McDonald's Corporation is the world's largest chain of fast-food restaurants. Although McDonald's did not invent the hamburger or fast food, their name has become nearly synonymous with both.

It has become known as simply McDonald's, or by the colloquialisms the Golden Arches, Mickey D's (American slang), Macca's (Australian slang), Mackey-D's (British Slang).


''Interior of a McDonald's restaurant

Table of contents
1 Corporate overview
2 History
3 Challenges
4 See also
5 References
6 External Links

Corporate overview

McDonald's Corporation operates more than 30,000 quick-service restaurant businesses under the McDonald's brand, in 121 countries around the world. In addition, the Company operates other restaurant brands, such as Aroma Café, Boston Market, Chipotle Mexican Grill, Donatos Pizza and Pret A Manger. Revenues for 2001 were US$14.87 billion, with net income at $1.64 billion.
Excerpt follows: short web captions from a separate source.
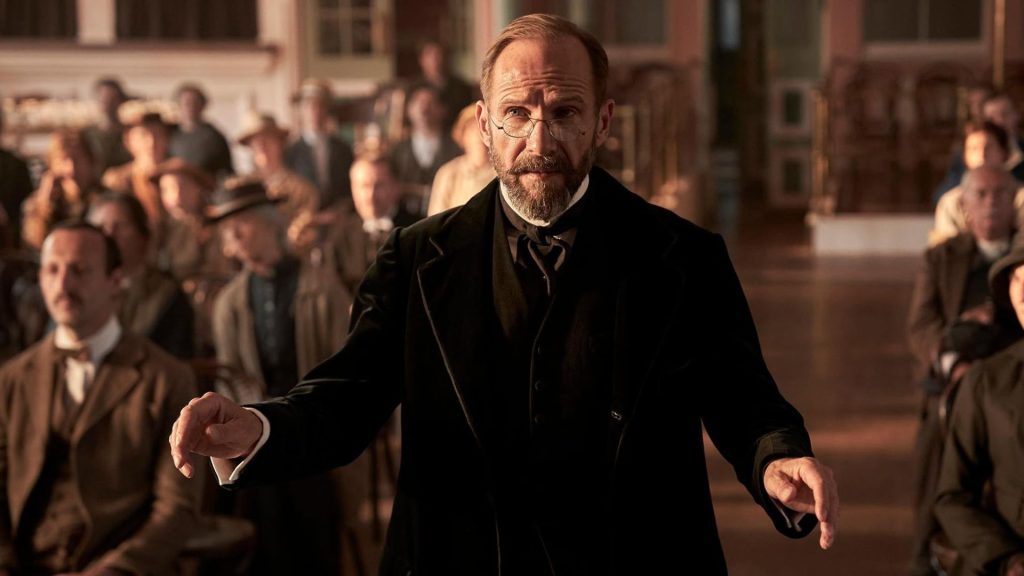 Ralph Fiennes conducts a choir inside a church in a scene from The Choral (2025).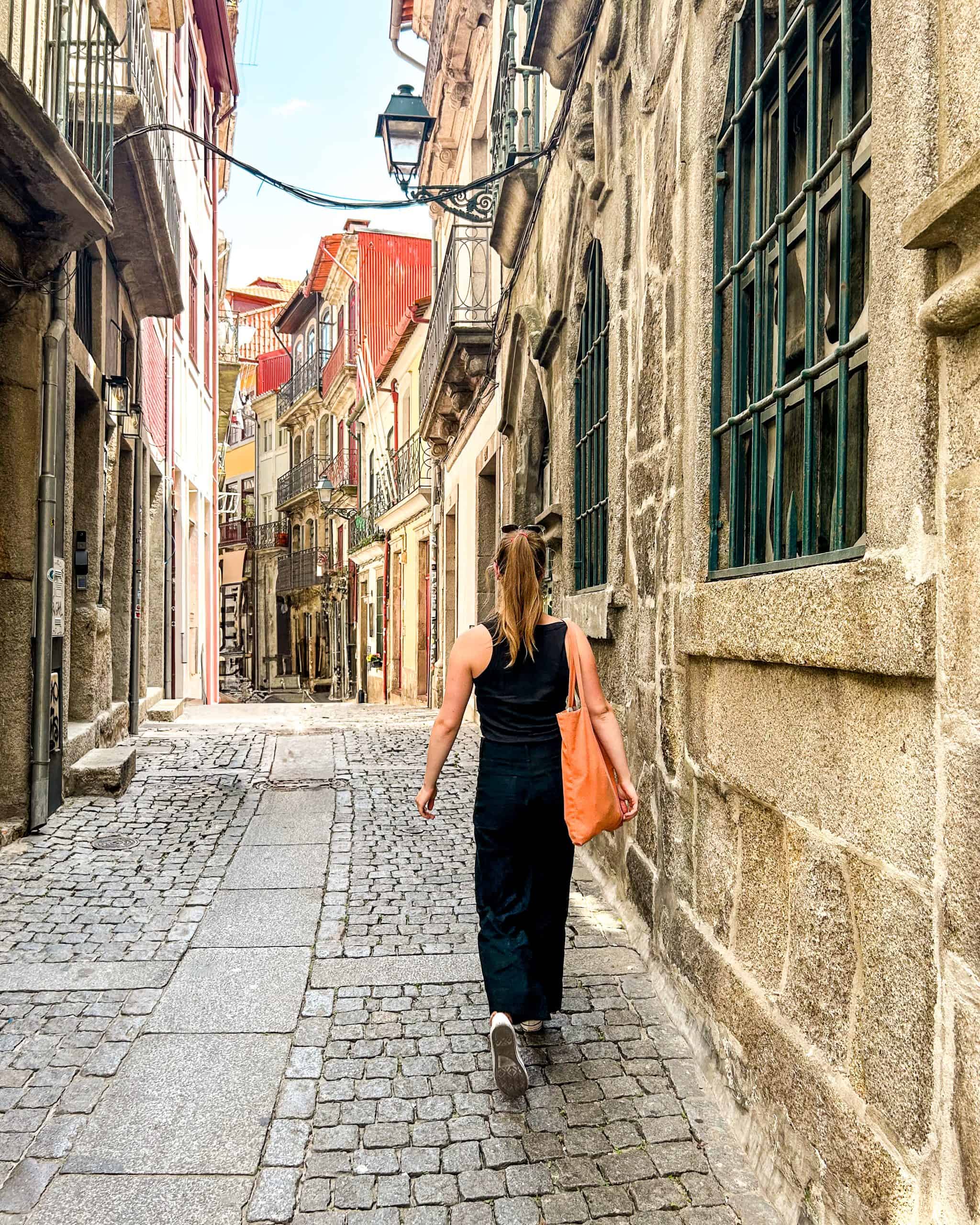 Woman walking down an empty narrow street in Porto, Portugal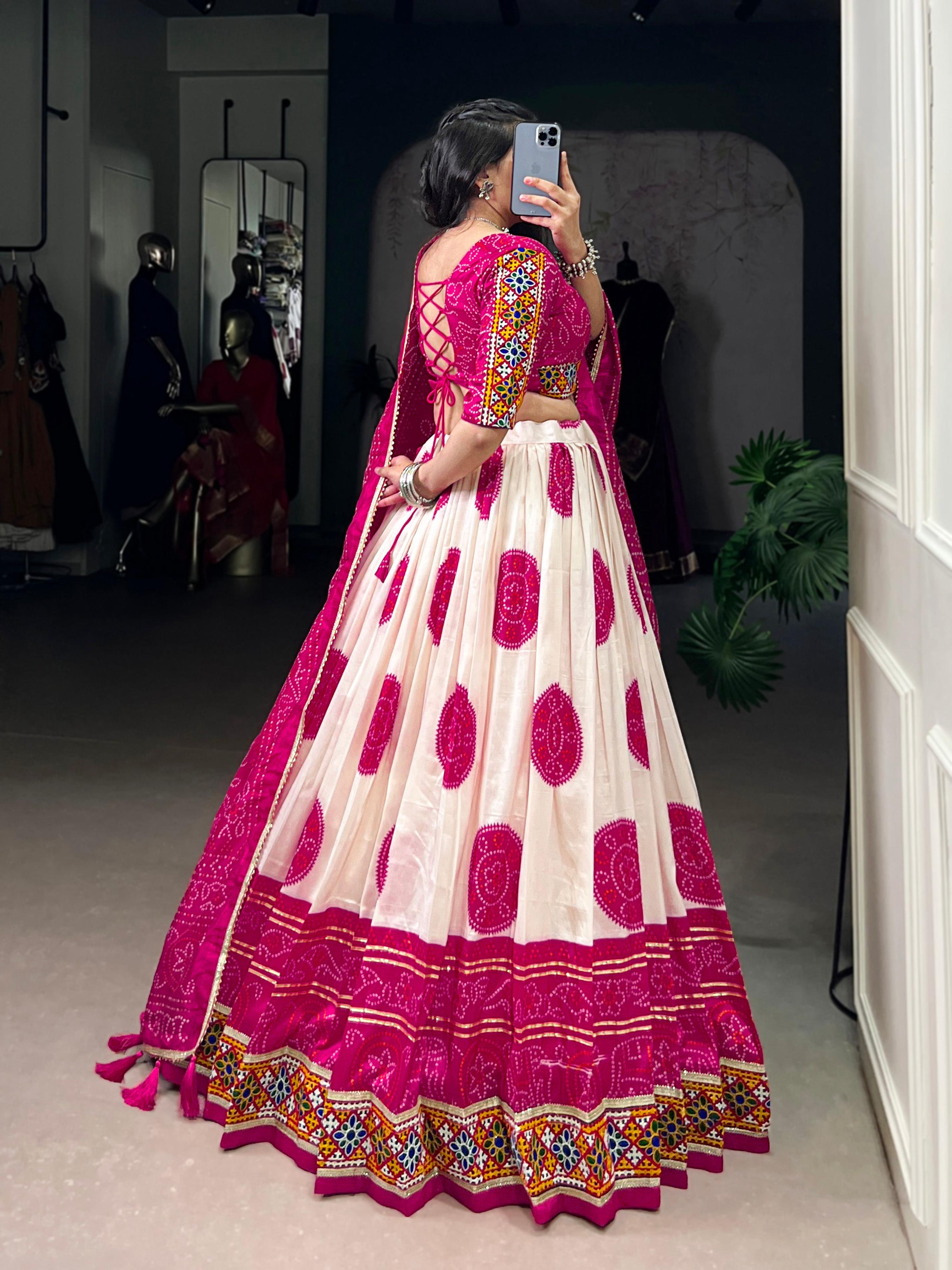 Off-White Tasar Silk Bandhej Lehenga Choli with Magenta Accents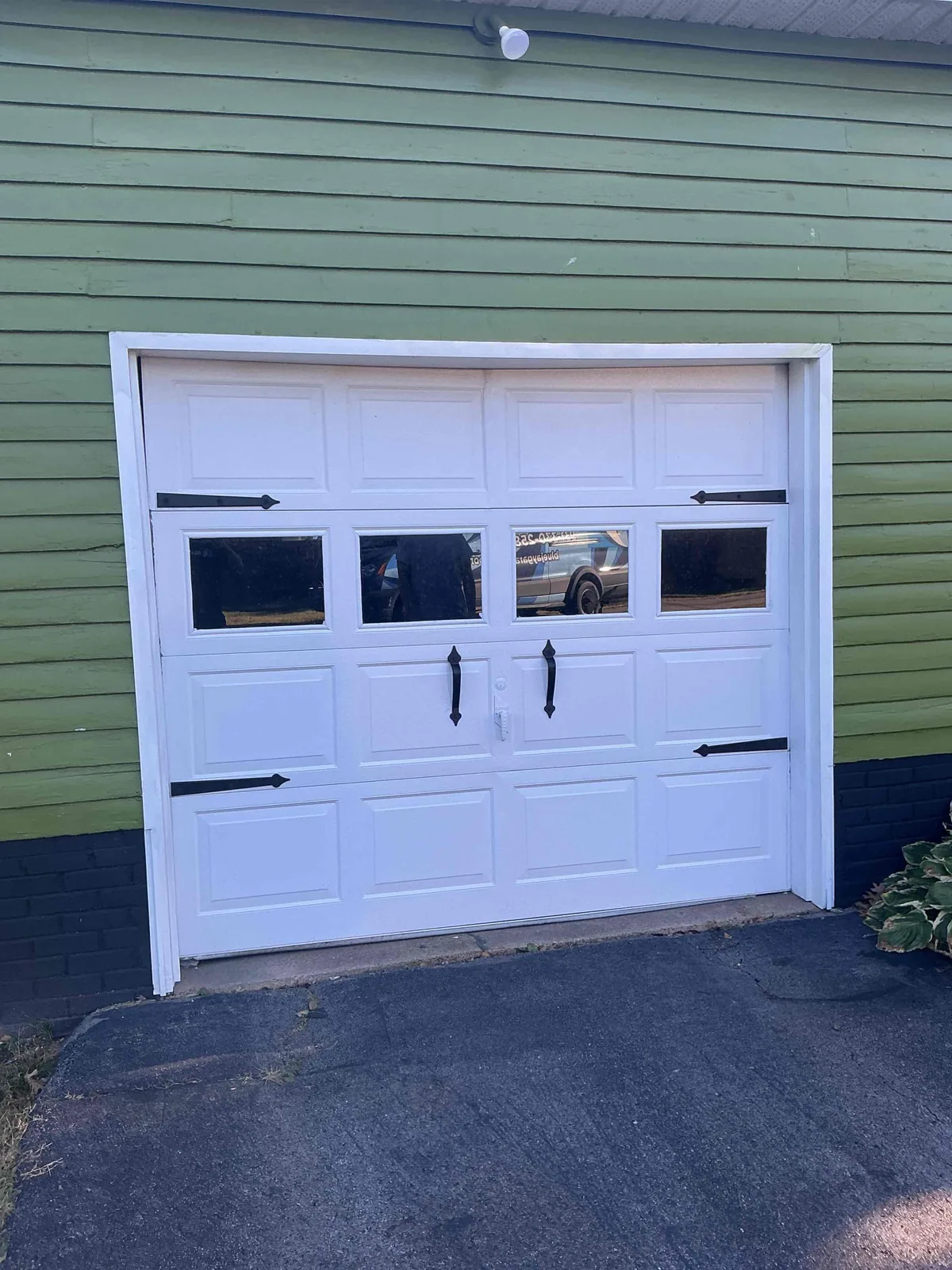 White garage door with four windows and black decorative hardware on a green-sided home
The McDonald's Corporation's business model is slightly different from that of most other fast-food chains. In addition to ordinary franchise fees, supplies and percentage of sales, McDonald's also collects rent. As a condition of the franchise agreement, McDonald's owns the property on which most McDonald's franchises are located. The corporation extracts income from the franchises in the form of rents, which are only partially linked to sales. As Harry J. Sonneborne, one of McDonald's founders put it, "We are in the real estate business. The only reason we sell hamburgers is because they are the greatest producer of revenue from which our tenants can pay us rent."


Drive-thru

McDonald's restaurants are mainly one of three varieties:

  • Most locations allow guests to order inside, with the option of eating inside the restaurant ("for here"), or doing take out ("to go"). Most locations have Drive-Thru windows; customers drive around the building to different stations, ordering, paying for and picking up their food from their car. Some of these normal locations have terraces at which customers can eat at. These locations are in urban and suburban areas, small towns along highways, at pit-stops along major highways.
  • "McDrive" locations, near highways. These locations are simply drive-thrus, to which there is no restaurant area connected. Customers may eat while driving, or in the parking lot.
  • Select locations in the heart of cities are essentially set up as drive-thrus, except for pedestrian traffic. These locations offer no seating area.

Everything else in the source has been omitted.